If we would remove the four patients with a deviation of >4° that occurred within the learning phase of one study center, tolerable alignment would have been achieved in almost 93% of all cases.

Another limitation in all these studies focusing on leg axis is that the reported deviations from the planned leg axis are partially influenced by the fact that intraoperatively the final leg axis is evaluated on the resting leg whereas the postoperative X-ray control is done on the weight bearing leg which automatically means 1° or 2° of difference. In addition, the long standing X-rays may give an error up to 2° depending on full knee extension and inward/outward orientation of the leg. To reduce this additional error, all long standing X-rays have been analyzed for these technical aspects as well.

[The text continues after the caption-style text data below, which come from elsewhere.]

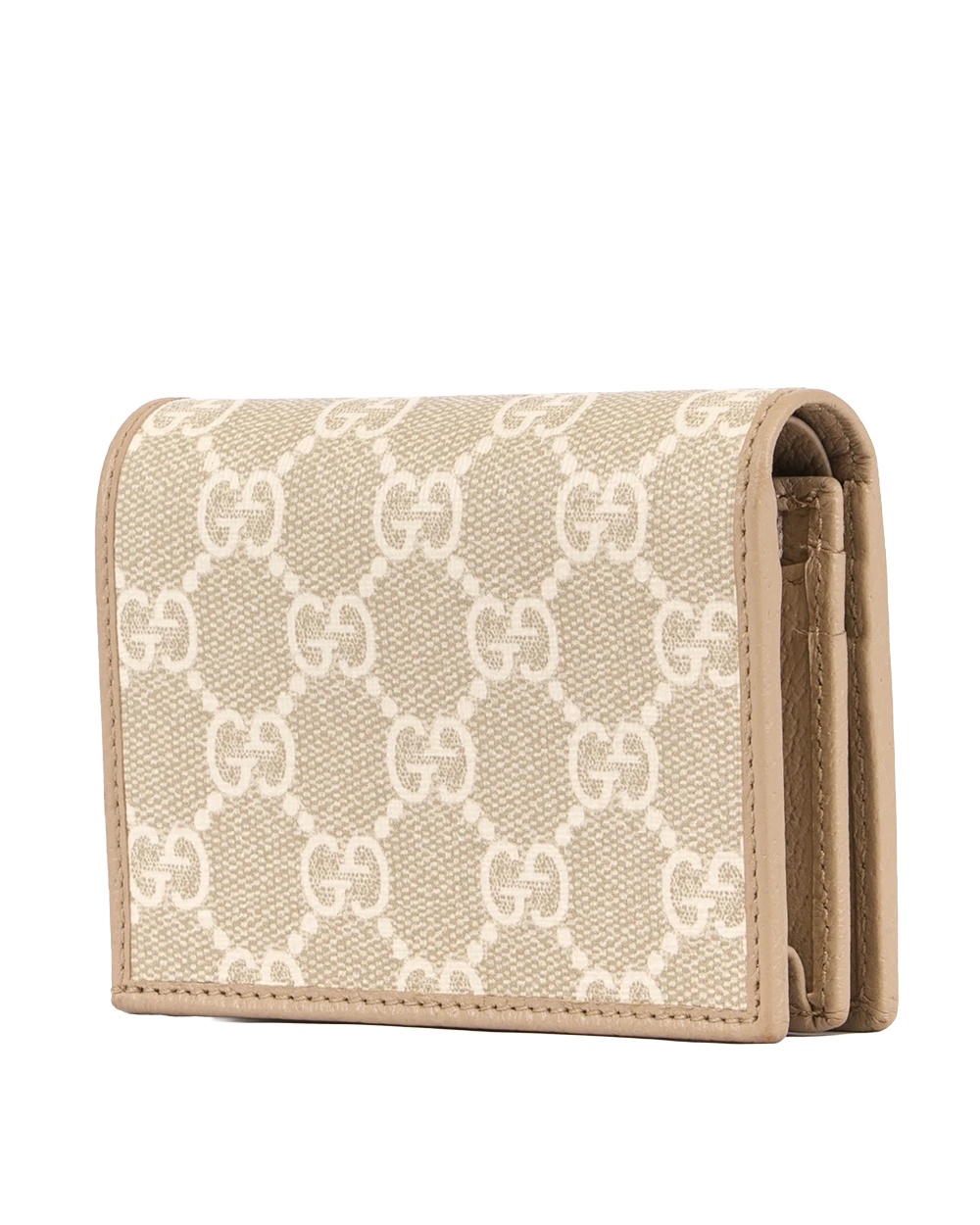 GUCCI BI FOLD HORSEBIT WALLET SHORT BEIGE GG MONOGRAM CANVAS GHW 621887 0416 0664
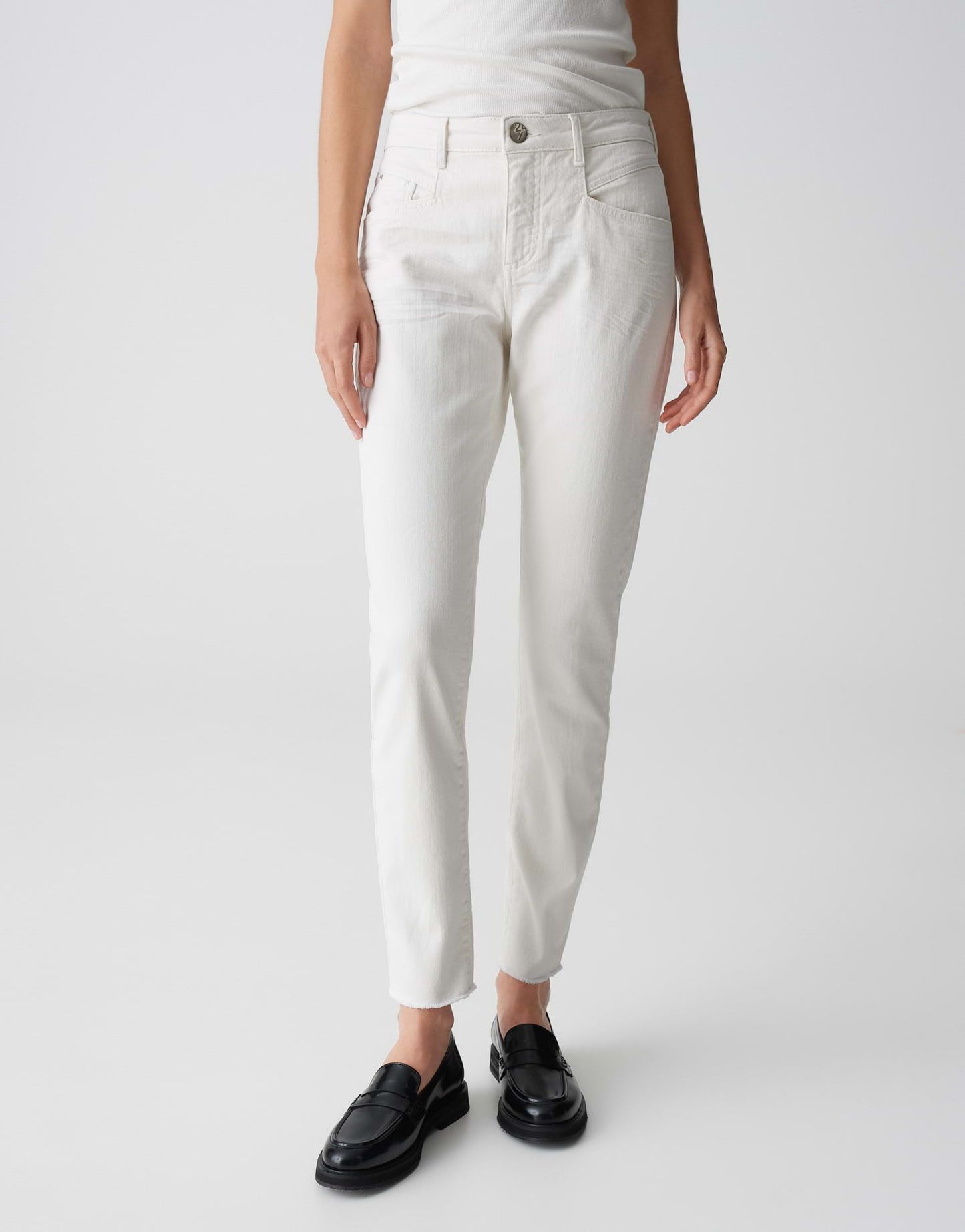 Opus Damen Jeans Evita dynamic weiß
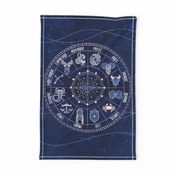 Geometric zodiac wheel tea towel // navy blue and coral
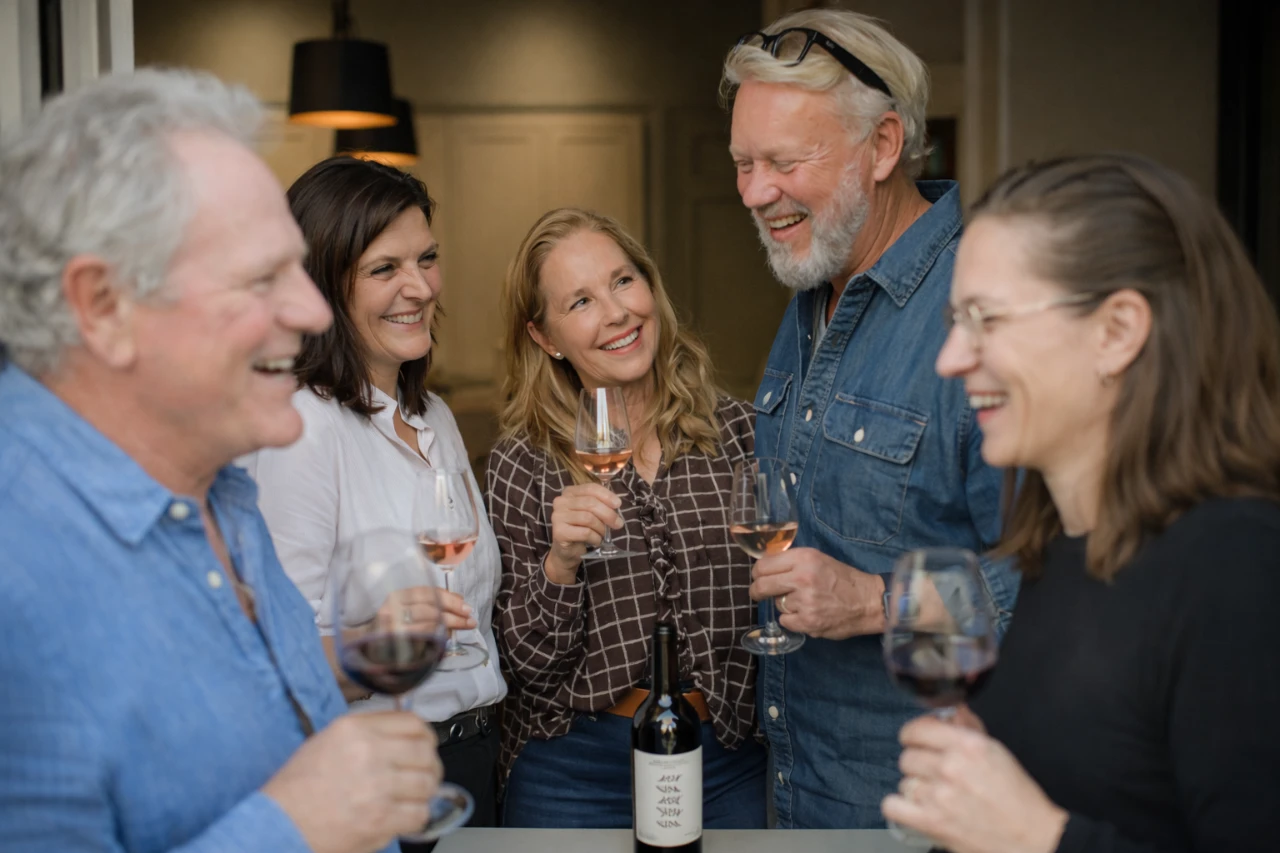 Henrik Solkær med 4 deltagere i et teamevent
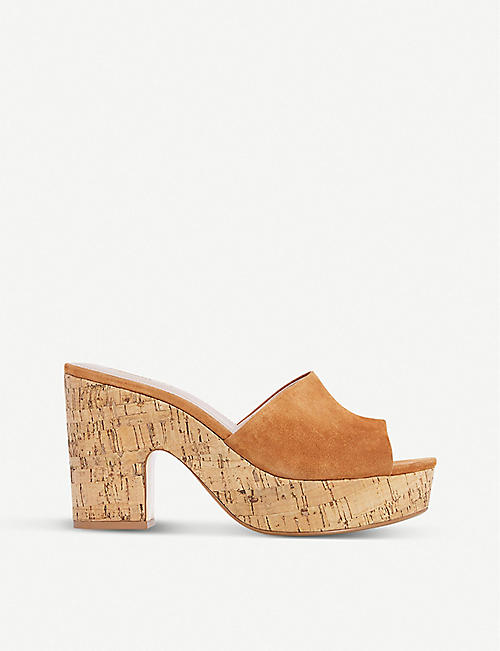 DUNE Indigow suede platform mules | MARICE Block Heel Mule tan | Dune London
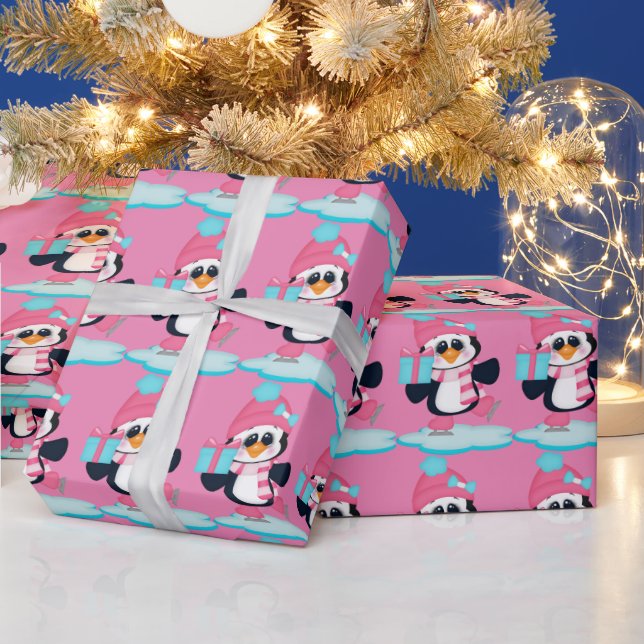 Christmas ice skating penguin wrapping paper (Holidays)
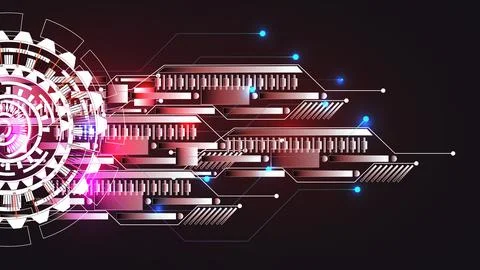 Digital technology HUD elements colorful glowing data concept illustration .. Stock Illustration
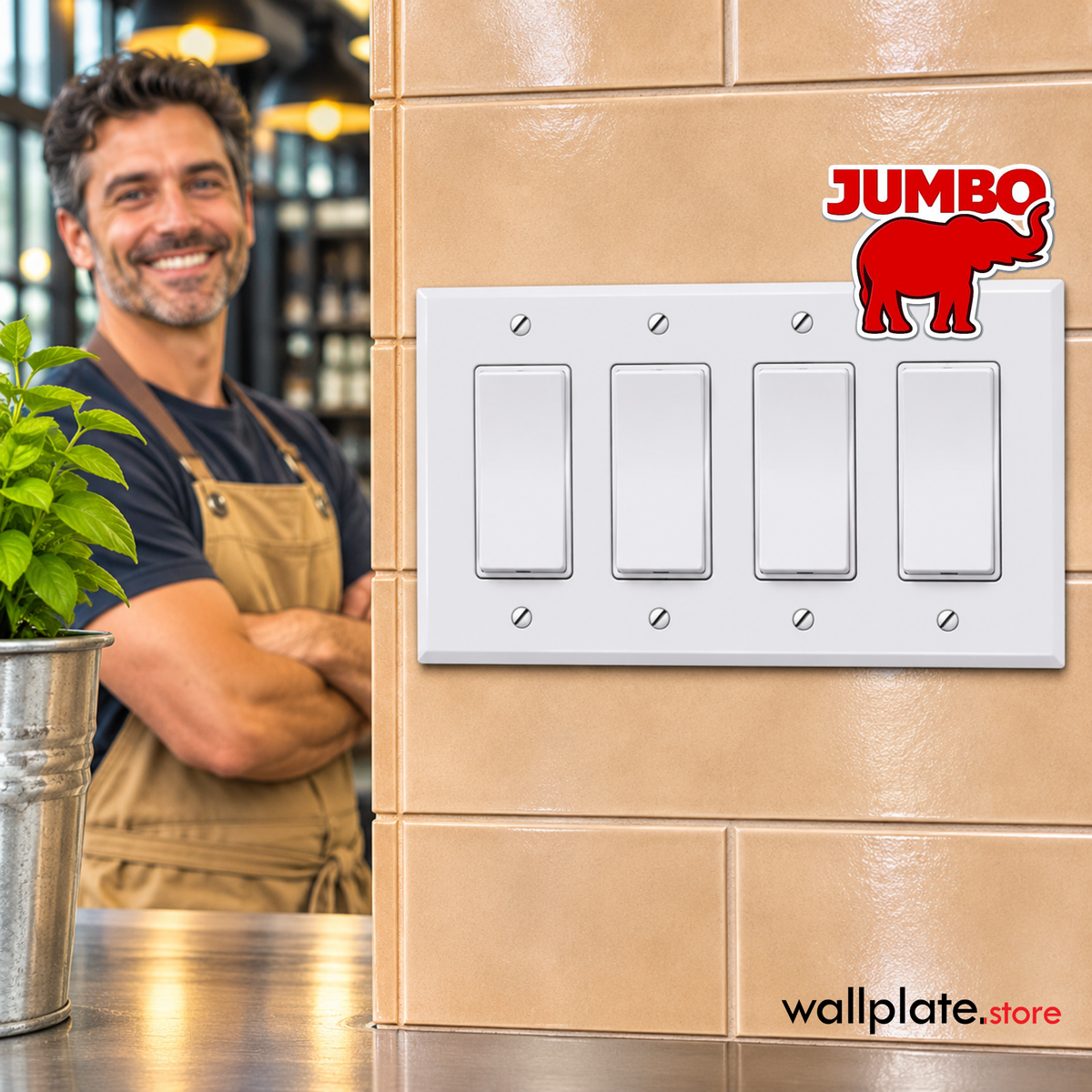 4-Gang Oversize Metal Wall Plate – 4 Decora/GFCI Openings – White Semi-Gloss - Installed On Tiles in a Restaurant Serving Area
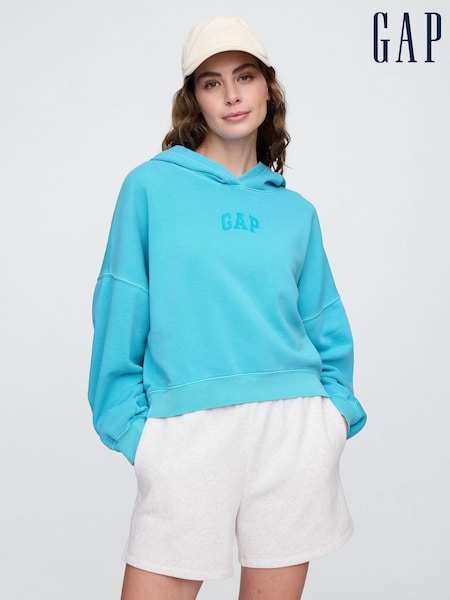Gap Blue Neon Relaxed Mini-Logo Cropped Hoodie (W24370) | £35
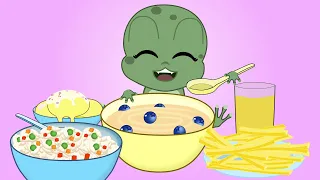 Kvaka eating cereal and rice | Mukbang animation #eating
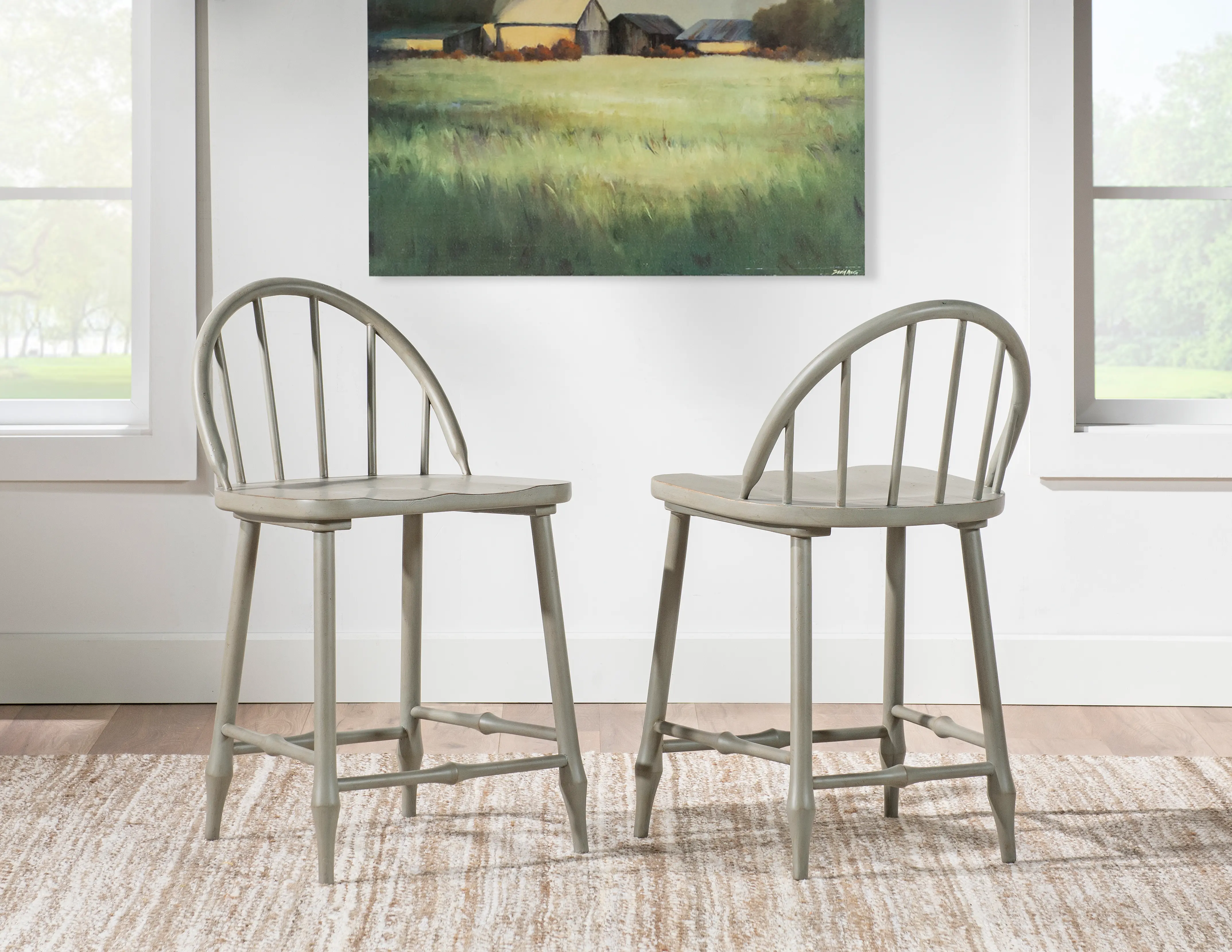 Country Living Moss Green Windsor Counter Height Stool-2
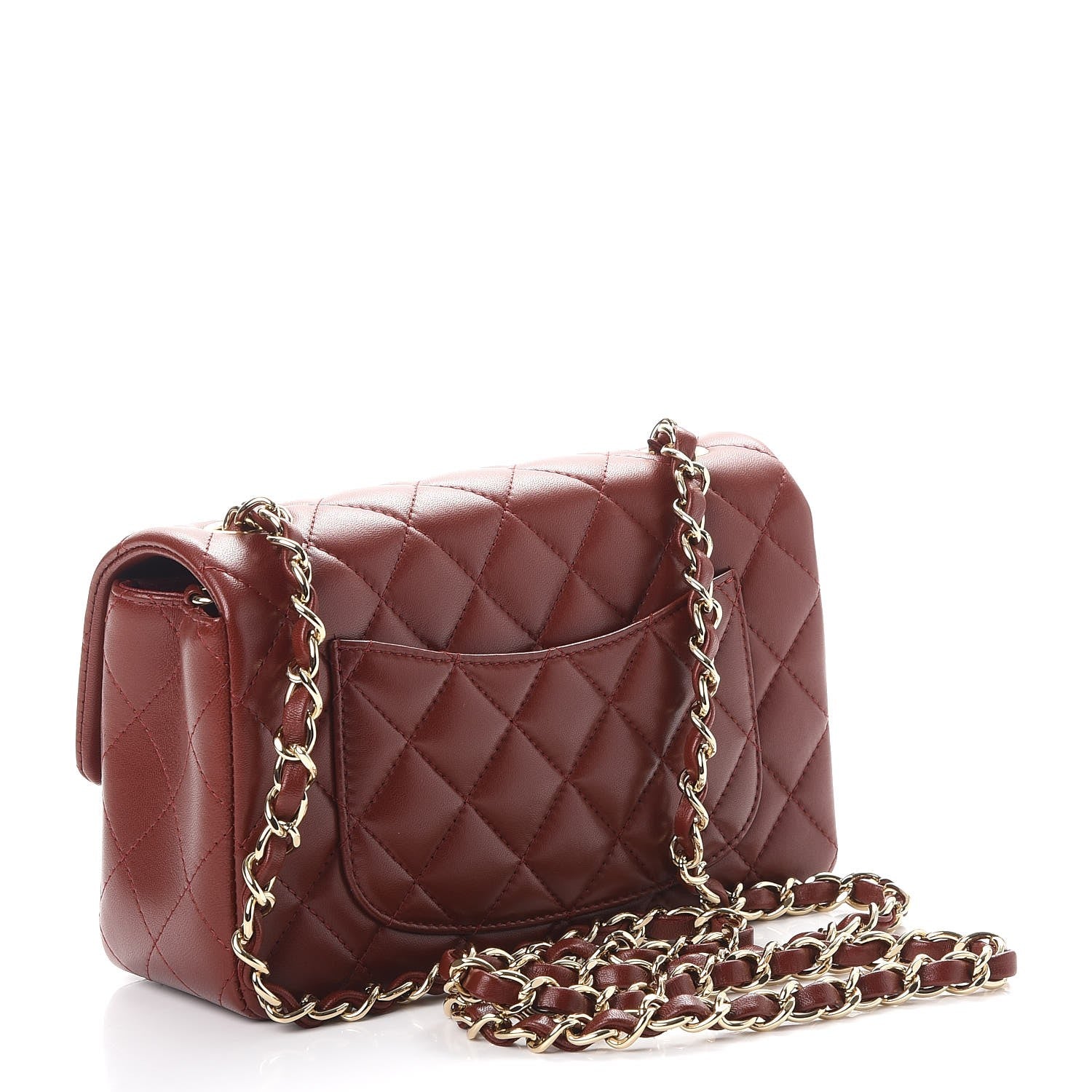 Chanel Lambskin Quilted Mini Rectangular Flap Red 3 of 8
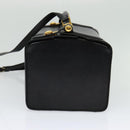 HERMES Cosmos Hand Bag Leather 2way Black Gold Auth bs27866-4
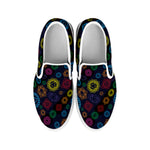 Colorful Seven Chakras Pattern Print White Slip On Shoes
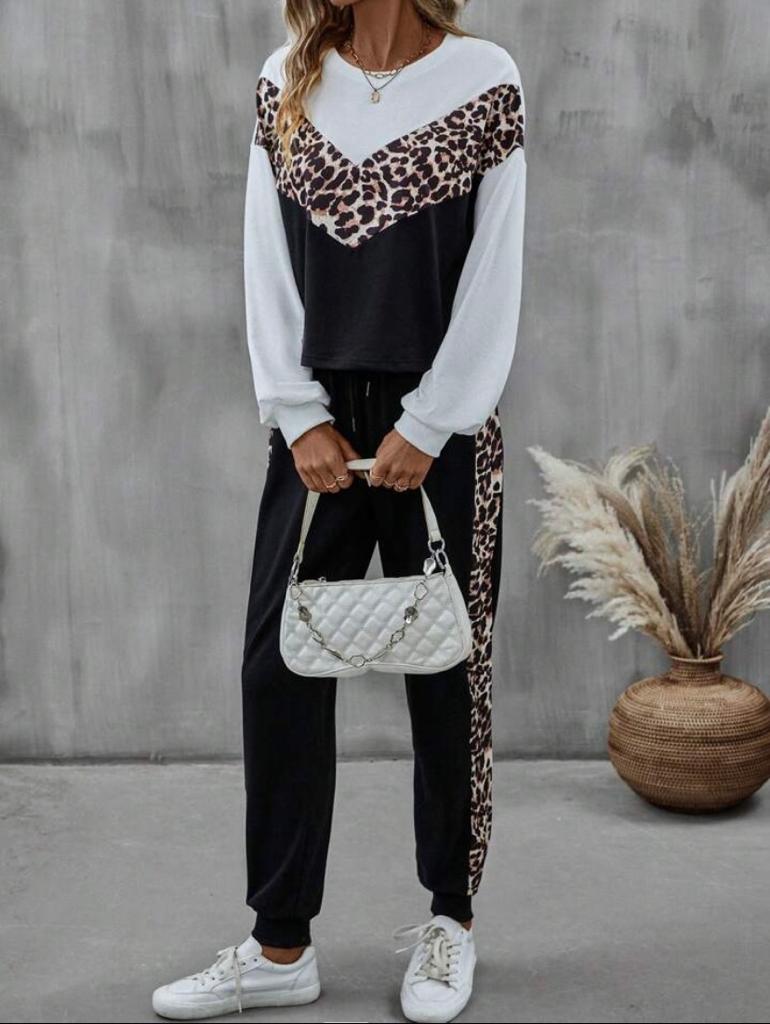 Printed Blouse and Pants Matching Set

Regarding the correlation of radiographic and navigation measurement in limb alignment Stulberg and coworkers [18] recently reported a reasonable discrepancy as much as 8° in reading out the results.

With respect to that finding our results prove that navigated HTO is a highly precise tool in defining intraoperative limb alignment.

The described limitations are the major reason to the fact that the accuracy of the achieved postoperative leg axis is not in all cases within the aimed range of ±3°.

Most of the rated complications are surgery related and not due to computer navigation except for the cases of system down or software failure.

Our initial hypothesis could be proven as the study clearly shows that in this first prospective case series in about 85% (including learning curve), a perfect result in terms of deviation of the planned mechanical leg axis could be achieved using computer assistance as in intraoperative guiding tool. In the hands of trained CAS surgeons one might expect that the accuracy will be even higher (93% excluding learning curve cases).

The study shows that in navigated HTO based on the described surgical technique a perfect intraoperative leg axis with respect to the preoperative plan can be achieved.

But nevertheless a navigation system is not a guarantee for a perfect result itself.